Every time an attack on a milk cow occurred, Isao Goto, 78, a resident of Shibecha who heads the local hunters’ association, went to keep an eye out around pastures with 10 hunters all day long from sunrise to sunset.

They did so because there was a possibility that OSO18 would come back to approach the milk cow it attacked.

Even if the attacked milk cow died, the hunters did not carry the body away immediately and waited in ambush even in scorching heat or below freezing temperature. But the bear never appeared.

Recently, there was even a case in which a cow had been attacked close to a cowshed.

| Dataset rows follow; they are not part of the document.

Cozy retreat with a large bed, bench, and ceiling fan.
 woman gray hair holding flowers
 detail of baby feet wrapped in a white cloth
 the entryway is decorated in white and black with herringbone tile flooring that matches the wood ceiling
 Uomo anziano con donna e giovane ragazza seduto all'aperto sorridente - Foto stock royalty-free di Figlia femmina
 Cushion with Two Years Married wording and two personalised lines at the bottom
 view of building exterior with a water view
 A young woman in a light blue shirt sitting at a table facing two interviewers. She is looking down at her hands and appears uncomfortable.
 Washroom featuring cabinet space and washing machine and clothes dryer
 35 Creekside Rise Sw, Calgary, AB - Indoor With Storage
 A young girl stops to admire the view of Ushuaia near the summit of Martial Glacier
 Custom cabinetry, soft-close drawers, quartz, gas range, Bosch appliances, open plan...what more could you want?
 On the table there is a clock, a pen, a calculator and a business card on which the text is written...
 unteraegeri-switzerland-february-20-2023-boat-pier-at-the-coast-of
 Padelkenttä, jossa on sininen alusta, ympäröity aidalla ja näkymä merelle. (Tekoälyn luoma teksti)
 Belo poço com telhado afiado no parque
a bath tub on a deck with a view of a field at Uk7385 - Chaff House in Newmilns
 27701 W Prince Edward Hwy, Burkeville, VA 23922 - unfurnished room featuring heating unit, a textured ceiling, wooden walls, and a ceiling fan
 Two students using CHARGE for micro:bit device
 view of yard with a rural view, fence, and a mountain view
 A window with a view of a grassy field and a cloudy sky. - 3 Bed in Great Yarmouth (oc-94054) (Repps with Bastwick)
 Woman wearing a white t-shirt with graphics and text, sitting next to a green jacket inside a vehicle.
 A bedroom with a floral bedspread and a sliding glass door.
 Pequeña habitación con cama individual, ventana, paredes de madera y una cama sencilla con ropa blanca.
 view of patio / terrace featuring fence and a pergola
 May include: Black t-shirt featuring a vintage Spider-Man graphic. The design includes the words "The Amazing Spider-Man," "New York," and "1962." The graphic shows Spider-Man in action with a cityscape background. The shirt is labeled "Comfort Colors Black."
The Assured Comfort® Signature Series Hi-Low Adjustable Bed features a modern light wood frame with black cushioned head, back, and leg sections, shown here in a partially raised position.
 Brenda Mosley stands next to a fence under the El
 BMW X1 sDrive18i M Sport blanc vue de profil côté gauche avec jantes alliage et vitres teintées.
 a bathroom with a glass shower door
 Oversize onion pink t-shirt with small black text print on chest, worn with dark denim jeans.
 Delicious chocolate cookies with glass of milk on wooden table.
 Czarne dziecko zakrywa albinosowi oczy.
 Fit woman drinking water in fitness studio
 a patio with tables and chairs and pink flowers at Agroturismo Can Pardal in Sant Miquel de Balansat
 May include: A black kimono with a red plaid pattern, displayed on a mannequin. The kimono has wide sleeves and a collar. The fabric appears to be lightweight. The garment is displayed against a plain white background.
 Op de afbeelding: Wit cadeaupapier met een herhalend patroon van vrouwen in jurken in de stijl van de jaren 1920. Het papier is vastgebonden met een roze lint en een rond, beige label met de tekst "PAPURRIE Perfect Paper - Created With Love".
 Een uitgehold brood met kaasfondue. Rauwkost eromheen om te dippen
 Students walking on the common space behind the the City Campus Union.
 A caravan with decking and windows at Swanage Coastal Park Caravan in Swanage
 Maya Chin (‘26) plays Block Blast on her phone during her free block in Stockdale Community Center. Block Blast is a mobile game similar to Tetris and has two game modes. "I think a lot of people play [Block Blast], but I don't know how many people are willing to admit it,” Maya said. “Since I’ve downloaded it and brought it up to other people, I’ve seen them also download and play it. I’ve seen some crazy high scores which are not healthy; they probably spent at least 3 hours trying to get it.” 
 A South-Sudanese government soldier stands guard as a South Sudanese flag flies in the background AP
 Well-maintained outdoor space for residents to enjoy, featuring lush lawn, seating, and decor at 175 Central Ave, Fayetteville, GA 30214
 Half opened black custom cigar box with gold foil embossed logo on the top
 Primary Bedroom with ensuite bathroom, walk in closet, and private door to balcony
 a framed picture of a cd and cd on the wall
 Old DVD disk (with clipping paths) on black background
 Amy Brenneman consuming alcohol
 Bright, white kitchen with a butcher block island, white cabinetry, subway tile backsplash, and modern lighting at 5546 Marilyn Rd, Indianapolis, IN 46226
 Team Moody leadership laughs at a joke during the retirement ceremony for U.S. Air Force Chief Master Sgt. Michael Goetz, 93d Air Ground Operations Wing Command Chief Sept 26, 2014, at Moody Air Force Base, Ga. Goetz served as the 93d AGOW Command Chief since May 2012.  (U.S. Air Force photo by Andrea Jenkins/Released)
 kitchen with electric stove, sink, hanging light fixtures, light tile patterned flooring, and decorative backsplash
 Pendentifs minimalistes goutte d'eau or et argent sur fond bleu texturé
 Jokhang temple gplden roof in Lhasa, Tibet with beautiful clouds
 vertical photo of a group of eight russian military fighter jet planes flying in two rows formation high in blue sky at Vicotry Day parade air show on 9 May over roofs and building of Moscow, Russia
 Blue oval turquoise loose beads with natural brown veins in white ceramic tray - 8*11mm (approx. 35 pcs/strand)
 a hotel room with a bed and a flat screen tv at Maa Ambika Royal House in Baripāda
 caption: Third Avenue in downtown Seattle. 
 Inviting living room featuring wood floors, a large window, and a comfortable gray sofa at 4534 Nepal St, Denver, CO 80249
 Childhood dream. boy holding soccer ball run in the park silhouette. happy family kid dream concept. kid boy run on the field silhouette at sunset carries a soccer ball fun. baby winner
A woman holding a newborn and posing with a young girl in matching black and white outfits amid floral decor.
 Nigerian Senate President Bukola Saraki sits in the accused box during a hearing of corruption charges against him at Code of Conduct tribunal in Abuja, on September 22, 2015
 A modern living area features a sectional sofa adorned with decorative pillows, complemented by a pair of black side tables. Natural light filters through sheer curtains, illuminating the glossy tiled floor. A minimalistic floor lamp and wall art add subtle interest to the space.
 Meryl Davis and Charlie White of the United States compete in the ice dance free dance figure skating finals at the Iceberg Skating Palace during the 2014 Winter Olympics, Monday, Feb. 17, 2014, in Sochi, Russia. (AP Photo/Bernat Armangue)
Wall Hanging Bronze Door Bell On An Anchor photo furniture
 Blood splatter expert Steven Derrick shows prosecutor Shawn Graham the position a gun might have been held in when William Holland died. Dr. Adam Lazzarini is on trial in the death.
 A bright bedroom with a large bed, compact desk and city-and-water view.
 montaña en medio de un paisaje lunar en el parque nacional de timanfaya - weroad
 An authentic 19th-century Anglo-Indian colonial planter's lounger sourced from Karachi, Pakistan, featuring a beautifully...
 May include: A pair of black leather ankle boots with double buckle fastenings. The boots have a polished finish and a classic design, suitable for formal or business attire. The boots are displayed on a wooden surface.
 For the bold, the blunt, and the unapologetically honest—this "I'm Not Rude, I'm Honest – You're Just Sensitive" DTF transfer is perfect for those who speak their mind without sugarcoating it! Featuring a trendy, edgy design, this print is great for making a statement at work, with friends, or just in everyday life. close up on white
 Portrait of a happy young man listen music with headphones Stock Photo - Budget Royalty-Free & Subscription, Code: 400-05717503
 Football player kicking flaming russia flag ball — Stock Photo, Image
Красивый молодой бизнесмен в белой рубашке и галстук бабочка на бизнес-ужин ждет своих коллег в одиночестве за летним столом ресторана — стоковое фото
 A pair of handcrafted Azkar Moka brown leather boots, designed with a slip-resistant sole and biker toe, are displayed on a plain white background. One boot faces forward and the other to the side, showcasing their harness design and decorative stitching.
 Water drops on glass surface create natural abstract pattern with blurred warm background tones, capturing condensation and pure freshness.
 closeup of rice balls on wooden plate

Goto, with 60 years of experience as a hunter, has captured more than 10 brown bears so far, but there had not been any attacks on milk cows until recently.

Increasing cases of damage to crops of corn for feed, believed to be caused by brown bears other than OSO18, are also reported.

“Yezo sika deer are increasing sharply in the neighborhood, and brown bears no longer hibernate because they can feed on Yezo sika deer during winter,” Goto said, speculating on the reasons for the recent situation. “The changes in the global environment are leading to agricultural damage caused by brown bears.”

Still, Goto says he will not give up.

“This town relies on dairy farming. I want to do something to help dairy farmers get out of difficulty, as they hesitate to expand cultivation of corn for feed thinking the crops are inducing (damage),” he said.

“We are gradually grasping (the animal’s) behavioral characteristics and patterns. We want to capture it somehow for the sake of dairy farmers and local agriculture,” he added.

Local governments and local farm coops whose members reported damage – JA Shibecha and JA Kushiro Ota – are taking various measures with the help of experts.

JA Shibecha is supporting hunters by providing subsidies for summer hunting clothes and box traps. It also flies drones to grasp the damage caused by wildlife on corn crops.

Nearly 20 farms in the area covered by JA Shibecha confirmed damage on their corn crops in the last fiscal year.

JA Kushiro Ota also plans to introduce box traps for capturing bears and drones for taking aerial shots of damage on crops.

Arrangements are made for JA Kushiro Ota officials to report immediately when they receive information of damage from farmers.